The answer is 50/50, because the past does not affect the future in these sorts of things. I'm saying this to counteract your mother's argument that the family is "pushing its luck"; it doesn't make it any more likely that something bad will happen. In fact, unless you're of an advanced age or have been told by a medical professional that you shouldn't have more on health grounds, the fact that you've already had three healthy pregnancies is likely to be a good sign.

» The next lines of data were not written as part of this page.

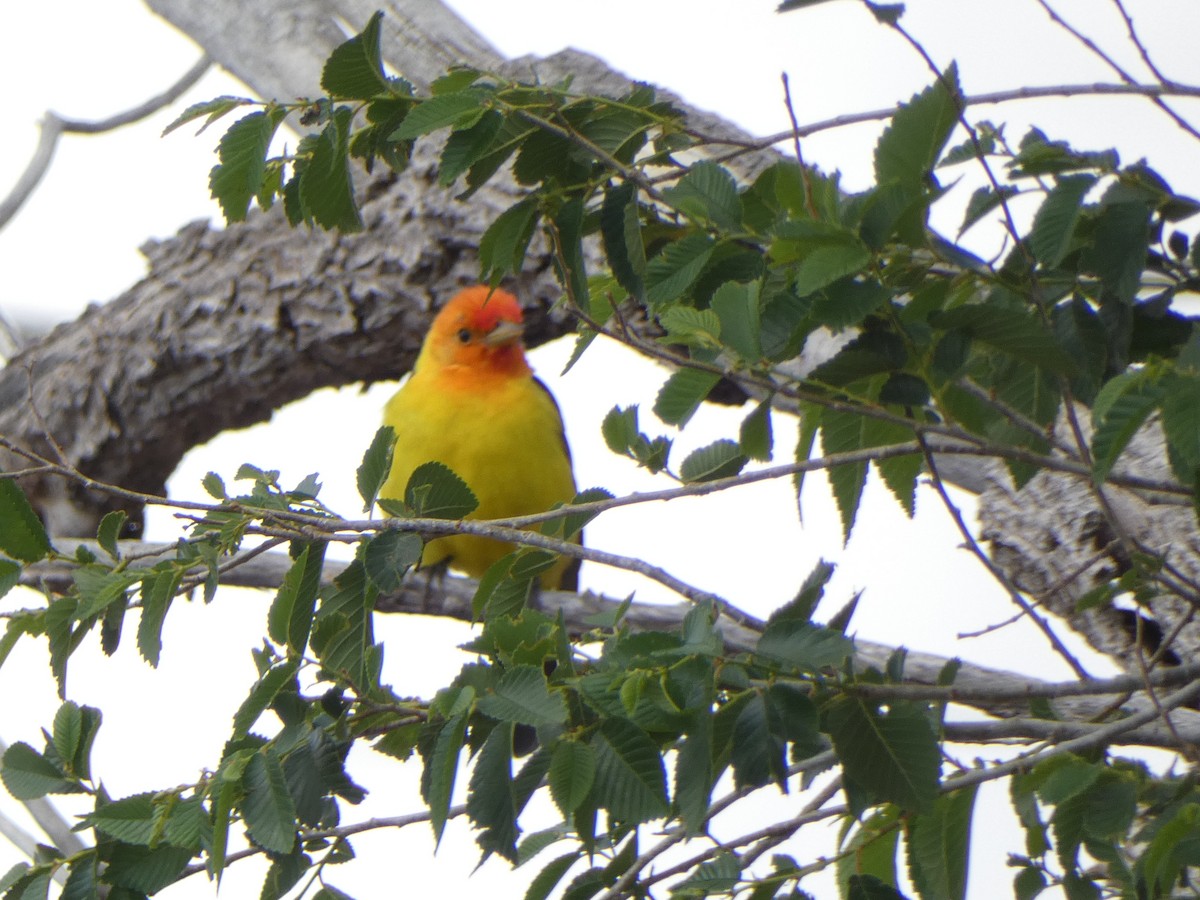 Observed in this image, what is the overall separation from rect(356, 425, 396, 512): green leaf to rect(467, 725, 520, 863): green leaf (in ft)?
1.21

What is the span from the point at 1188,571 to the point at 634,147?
58.4 inches

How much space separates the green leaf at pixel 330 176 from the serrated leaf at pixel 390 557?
1.38 feet

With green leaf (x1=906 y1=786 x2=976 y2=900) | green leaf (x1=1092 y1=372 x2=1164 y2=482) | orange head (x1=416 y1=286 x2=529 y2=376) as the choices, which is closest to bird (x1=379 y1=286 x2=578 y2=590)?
orange head (x1=416 y1=286 x2=529 y2=376)

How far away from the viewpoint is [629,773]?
117 cm

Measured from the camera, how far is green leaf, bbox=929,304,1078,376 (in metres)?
1.26

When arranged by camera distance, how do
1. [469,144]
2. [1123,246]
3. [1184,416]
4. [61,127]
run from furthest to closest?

As for the rest, all you really have to do is tell your husband. Do it asap.

bee222 · 14/07/2020 07:48

It’s none of your mother’s business if you have another child. You don’t need to announce it to her. Just tell her when it’s obvious you are pregnant. If she has a problem with it then just let her seethe and ignore her. You are a grown woman and don’t need your mum’s approval.

The only person you need to tell is your husband.

stairgates · 14/07/2020 09:20

Dont worry about people influencing your familys decisions. Tell DH when your ready and decide what is best for you. Your mum is more than welcome to not get involved, how selfish of her to decide how many grandchildren she will allow to be born and is convenient to her. Get your head around it and then talk it through with DH, as PP's have sadi if its not right then a vasectomy will put it off the table :)

Allfor1 · 14/07/2020 09:35

In fact, unless you're of an advanced age or have been told by a medical professional that you shouldn't have more on health grounds

I am an advanced age as I'm in my late 30's. It's been 7yrs since my last DC, I think this is the reason I don't think anyone will be happy.

Thank you very much for everyone's advice. I just need to figure out how to break the news to my husband. The trouble is, once he knows, his mother knows, once his mother knows, everyone knows!